More precisely it's that you can't divide Q by any of said primes. "Using that same set of numbers differently" would mean some of them divide Q.
For some prime in the list (say p1) to divide Q, there would have to be some integer k such that Q = p1*p2*...*pn + 1 = k*p1. But if you divide out p1 you get p2*p3*...*pn + (1/p1) = k. Since no numbers but 1 divide 1 and 1 isn't a prime, there's a contradiction, and so no primes in the list divide Q.
Because if Q is not prime, then it must be composed as a product of the prime numbers he listed. Meaning those prime numbers divide Q evenly. Call the list he made "N", so N +1 / P where P is a prime must equal a whole number. For that to be true N/P must be a whole number (which it will be) and 1/P must be a whole as well as fractions with common denominators split (Which is nonsense, a number greater than one will not yield a whole number and one is not prime)
If I understand you correctly, your question is more of "why does 1 make the proof work?" That's a fair question.
Notice that Q - p1p2...pn = 1
We can show that Q isn't divisible by a prime by contradiction too. Suppose Q could be divided by a prime on the list. Say, for instance p1 (you can choose whichever prime you want, not just p1).
So if p1 divides Q, then Q = p1 * r for some integer r.
So p1(r - p2p3...pn) = 1
This means that p1 divides 1, but no prime divides 1, a contradiction.

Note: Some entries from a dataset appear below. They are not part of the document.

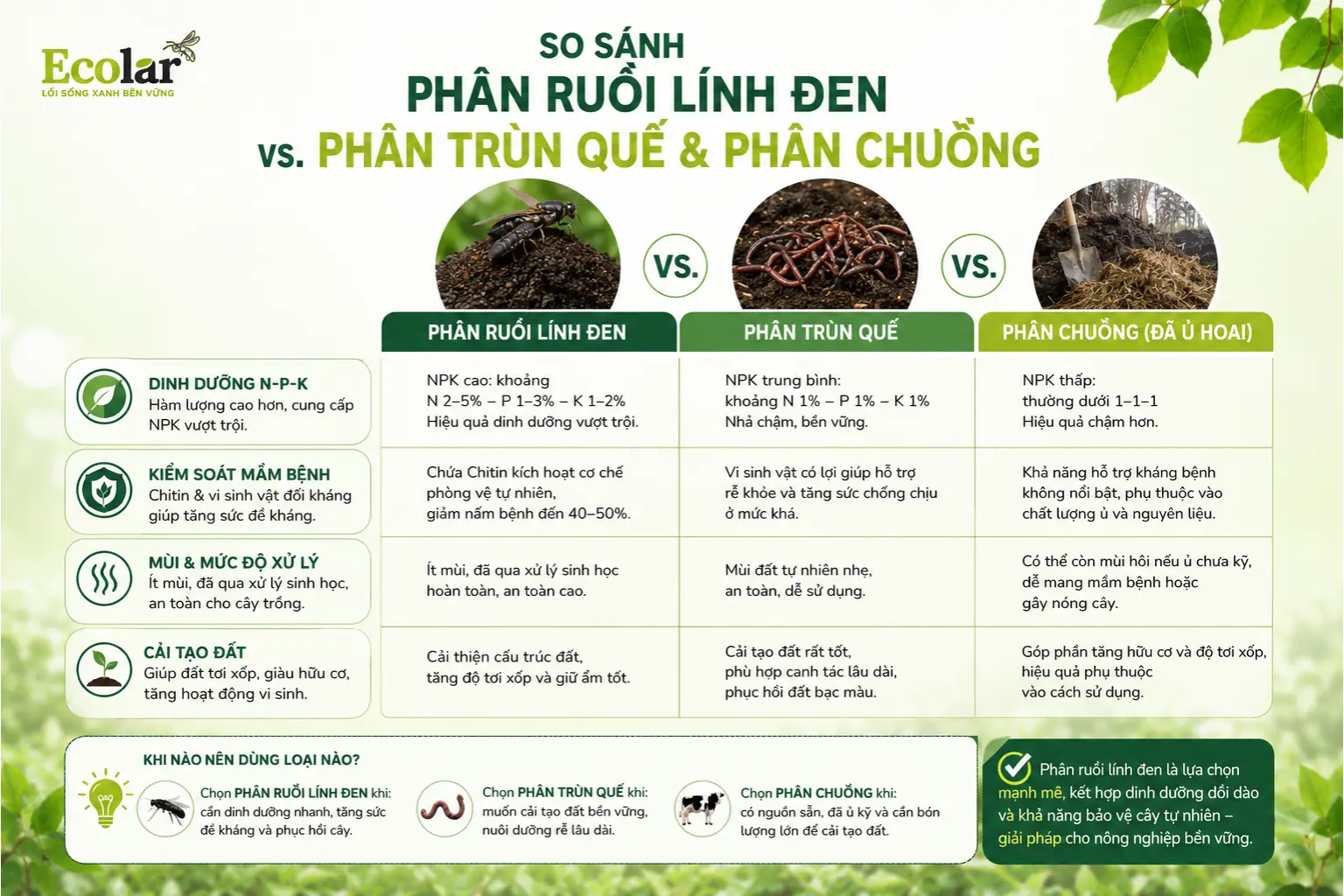 -den-voi-phan-trun-que-va-phan-chuong_587d2f88d6264be18bb44cdbd66650f4.webp
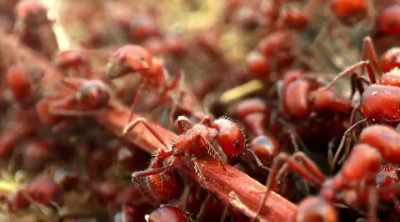 These ants defend
their colonies vigorously - Kings of Pain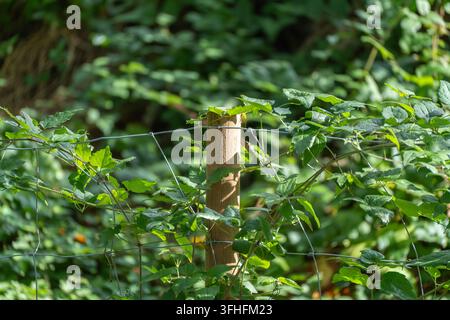 Eine gewöhnliche Hopfpflanze wächst durch einen Drahtzaun um einen Holzpfosten. Humulus lupulus-Blätter leuchten im Sonnenlicht vor einem schattierten grünen Hintergrund. Stockfoto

I was dissatisfied with "by a factor of about 6" so I did something similar by using the prime number theorem to approximate the number of primes from 1 to 10^n and then from 10^n to 10^(n+1), and took the ratio of those. You end up canceling a bunch of logs and 10^ns and get (9n+1)/(n+1). Approaching infinity, you get nine times more primes between 10^n and 10^(n+1) than below 10^n. Naturally, the ratio of the number of primes up to 10^(n+1) to the number up to 10^n ends up (10n+1)/(n+1).
You have to add/say/remind that any interger can be decomposed into prime factors, otherwise one might say that Q could be divisible 10, like 3*3+1. But since 10 is 2*5 10 divides P1*P2*...*Pn etc...

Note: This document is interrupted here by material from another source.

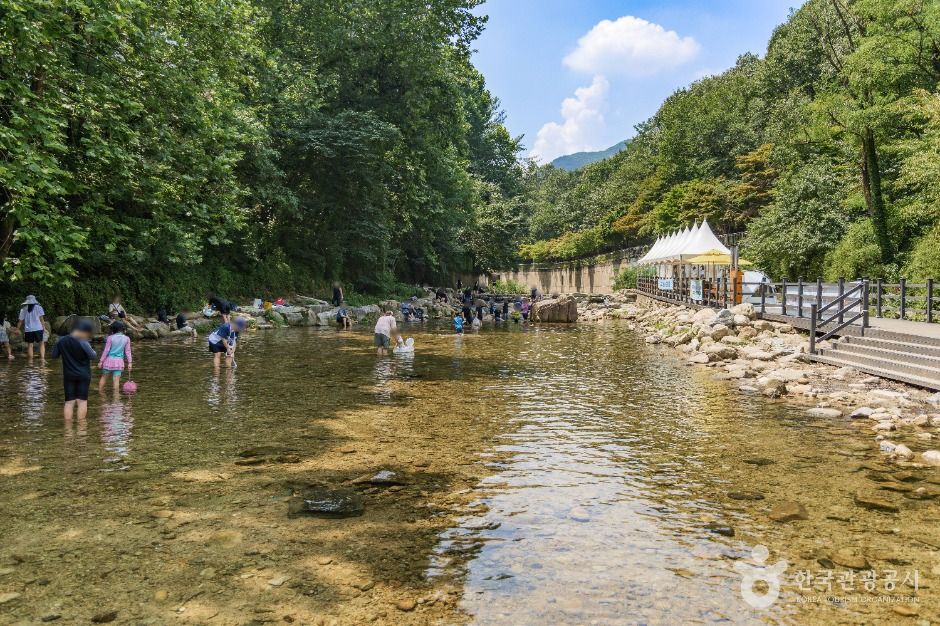 서울_신림계곡 (5)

i agree, i absolutely despise the sound of a sharpie writing on paper. to me, it's almost as bad as someone scratching on a blackboard. but still i keep coming back to numberphile
this channel is soooo cool
It is possible... but that is not a sure way of doing it because it doesn't always work: 2*3*5*7*11*13 + 1 = 30031 = 59*509 (so not prime), but if you stop at 11, 2*3*5*7*11 + 1 = 2311 (prime).. so sometimes it works, sometimes it does not.
1) when you do that you aren't guaranteed that the new number is prime, but it must have a prime as a factor that you haven't listed. however factoring numbers is generally hard.
2) 111 = 3*37, 1111=11*101, 11111=47*271.
No, Q isn't necessary a prime but it might be. What is true is that Q won't be divisible by any of the primes in the list but that doesn't guarantee that it's prime itself. It may be a product of two or more unknown primes that are bigger than the biggest prime on our list.
this is why the term "complete list" is important.
lets say the complete list is 2 3 5 7 11 and 13, technically adding 1 would add a new number to the list BUT we know there is more to the list because that number is not prime. the question asked is the proof of the answer ;) assuming that adding 1 creates a new number means the list must be expanded.
Do you mean to take an odd number of "just some primes" or the complete list of primes until a biggest one (so far)? Because if you take the complete list from P_1 to P_n you'll have the first prime, namely the number 2, in that list. And if you multiply all together, the new number (Q - 1) = P_1 * P_2 * ... * P_n will be even and Q will be odd.